The Big Story: Orphaned communities

Equal rights for men and women. That's what the Indian state declared last week when the Bombay High court confirmed that Muslim women have the right to enter the sanctum sanctorum of the Haji Ali Dargah in Mumbai. Even then, this is a tiny victory. The Bombay High Court stayed its own order for six weeks, allowing the dargah time to appeal. Besides, the ruling does not open entry for women into many other dargahs and mosques across the country that still restrict female devotees. Seeing women pray in the Friday congregational namaaz – a core part of community-building aspect of Islam – is a rare sight in India. Islam’s message of community it seems is only reserved for its men. Women are invisible members of society, little seen, never heard.

Despite the struggles of Muslim women, the Indian state has adopted a hands-off approach. India was founded on the loftiest principles of equality. Yet, the large chunk of the law that is applied to Muslims – the Muslim Personal Law (Shariat) Application Act of 1937 – has not even been codified.

This isn’t an argument for reform or a uniform civil code ­– all of which liable to stir up hornet’s nests. It’s a simple writing down of Muslim law. What is now known as “Muslim law” in India is a massive hodgepodge of judgements, right from the time of the British Raj, created by interpreting ancient law books. Now, when Muslims fight a case in courts, without a codified set of laws, judges either go back to these precedents or look at one of the thousands of Muslim jurists in history who have had an opinion that could be applied to the present case. Given how subjective this process is, the Indian law system in the case of Muslim Personal Law is only a little more scientific than deciding things via a vigorous game of “Eenie meenie miney mo”.

Interestingly, a mirror of this situation exists in Pakistan and Bangladesh.

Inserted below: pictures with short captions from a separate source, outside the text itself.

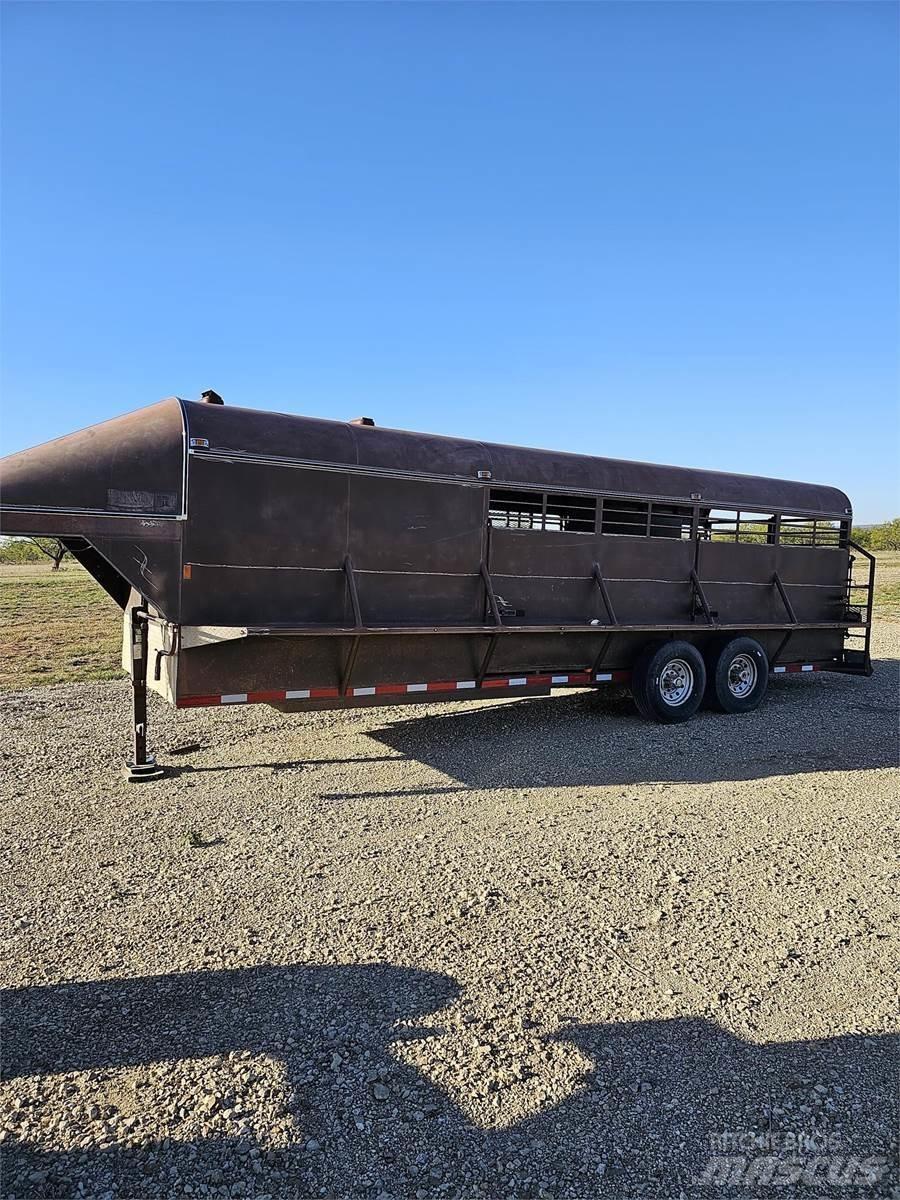  HUGHES Animal transport trailers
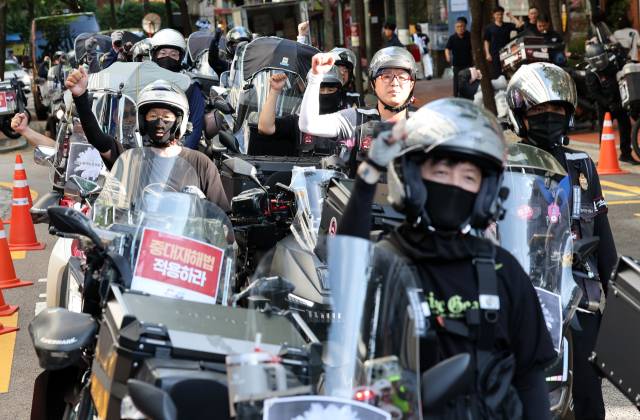 ▲2025 산재사망 배달노동자 추모 행진에 참가한 라이더유니온 조합원을 비롯한 배달 노동자들이 지난 8월 12일 서울 중구 민주노총 앞에서 산재 대책 마련 등을 촉구하며 약식 추모집회를 하고 있다. ⓒ연합뉴스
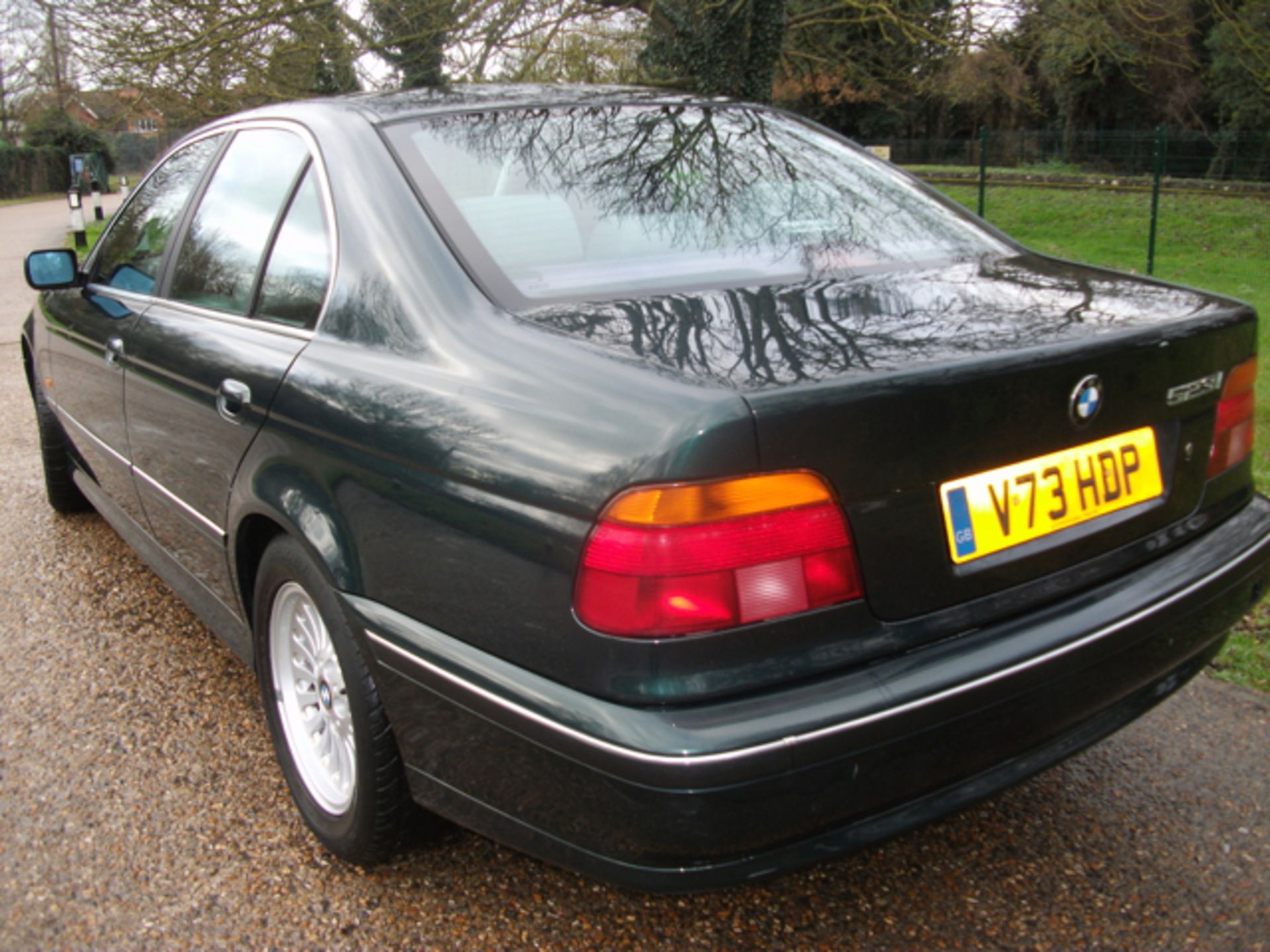 BMW 523i - Image 4 of 14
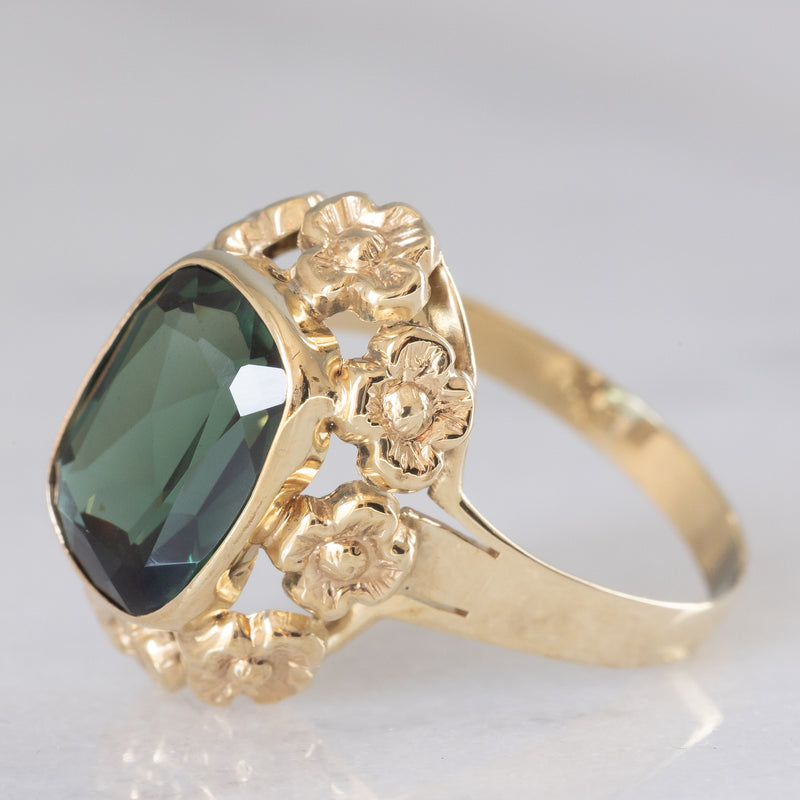 Anello da cocktail vintage in oro giallo 8K con spinello verde (3.80ct ca.), anni ‘70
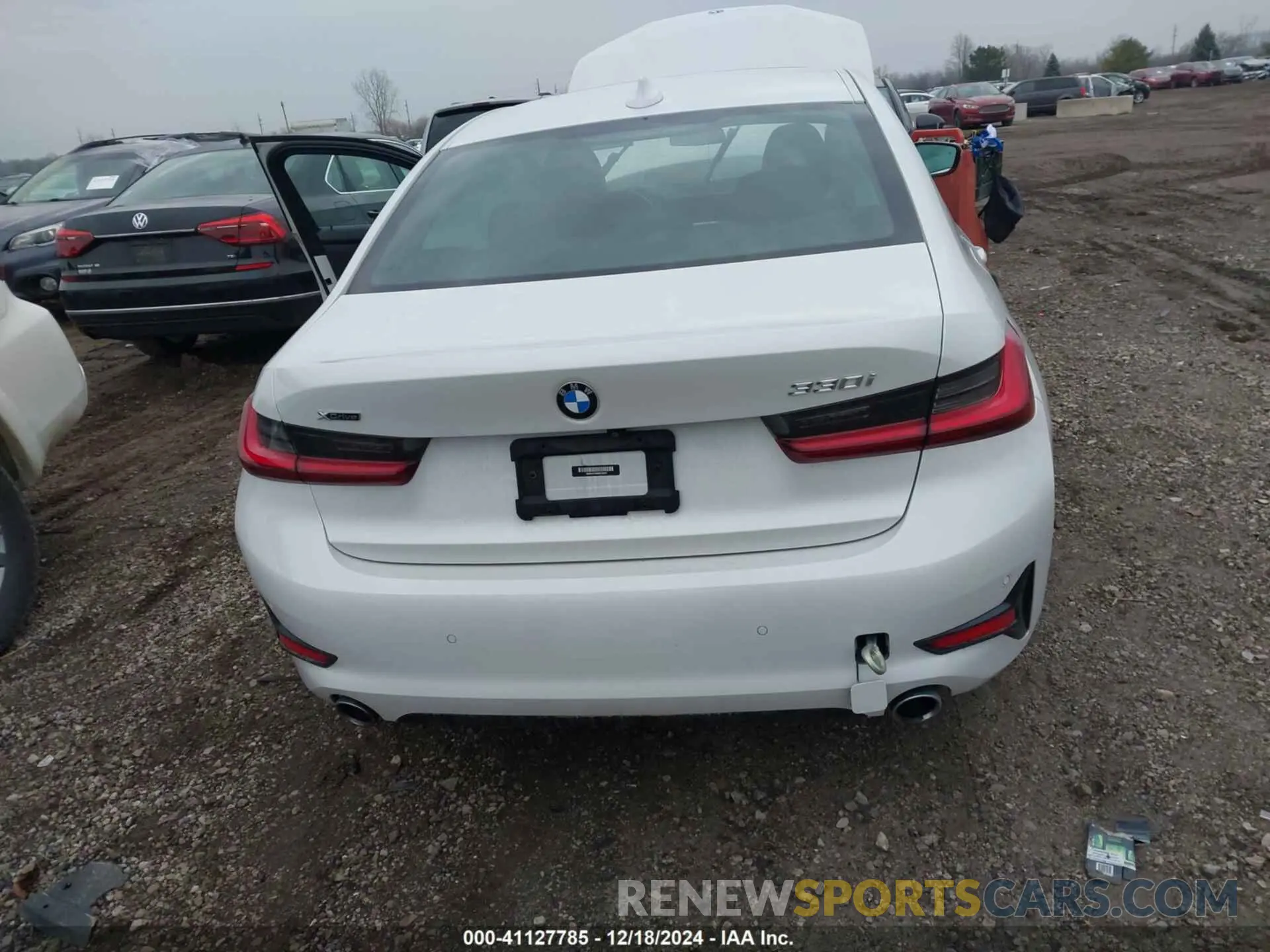15 fotografías del automóvil dañado 3MW5R7J06N8C33023 BMW 330I 2022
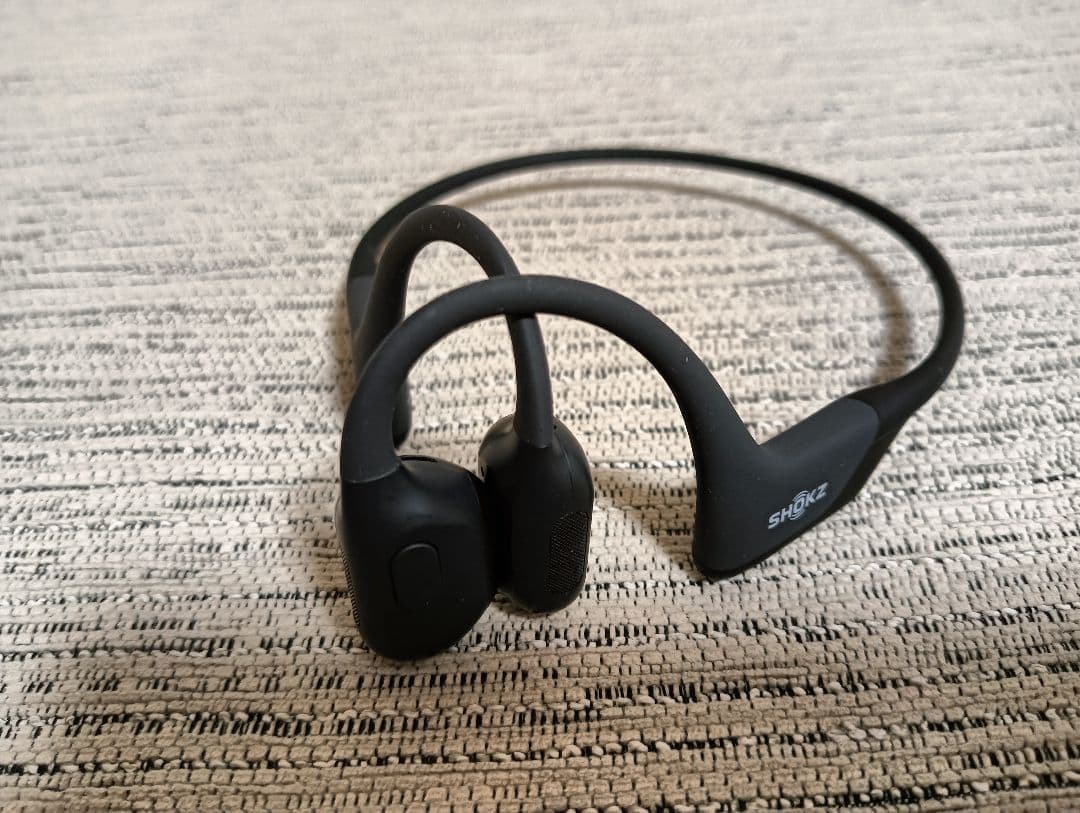 大幅値下げ！SHOKZ OPENRUN PRO S810 充電ケーブル付き
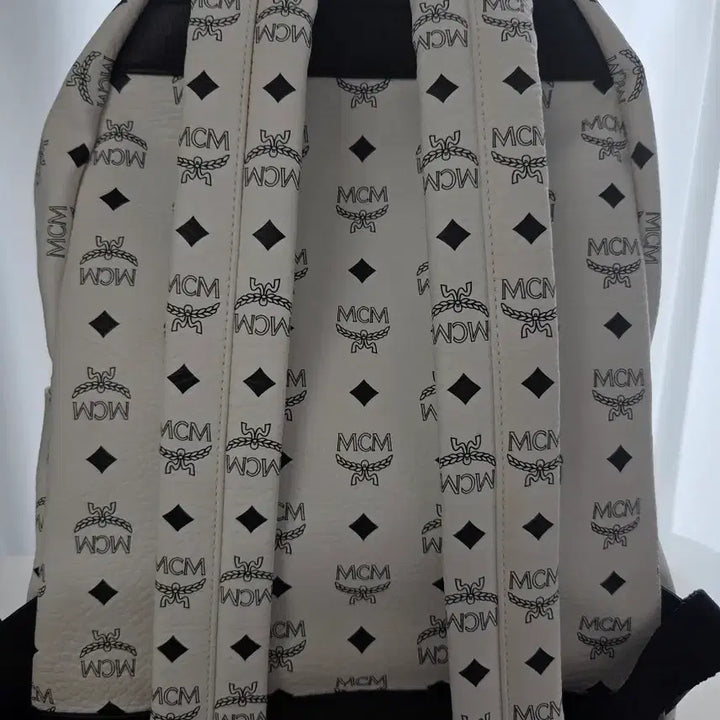 [BUNJANG] MCM Visetos Backpack (White) / mcm 비세토스 백팩 화이트(흑니켈+실버)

In both countries, Hindu law hasn’t been codified leaving Hindu women at the mercies of an ancient law code. In Bangladesh, for example, a Hindu man can marry as many women as he wants as per tradition Hindu law. Nehru’s modern code – inspired by Western laws – implemented for Indian Hindus in the 1950s does not apply to Hindu Bengalis in Bangladesh.

The British Raj had a very clear policy of non-interference in the personal religion and faith of its subjects. This is because they were “subjects” not “citizens”. The colonial state couldn’t be bothered about reforming a society in which it had no stake. Given that it was seen as an outsider, any attempts at reform would also have sparked immense disenchantment.

While the three successor states of the Raj have abandoned this policy of non-interference for their majority communities, reforming their laws, they have retained it for their minority communities. Remember, in India this consensus applies across parties. The Bharatiya Janata Party, for example, used the issue of a uniform civil code in the 1980s to polarise and spark violence, but now that it has come to power, it has done little to reform Muslim personal law.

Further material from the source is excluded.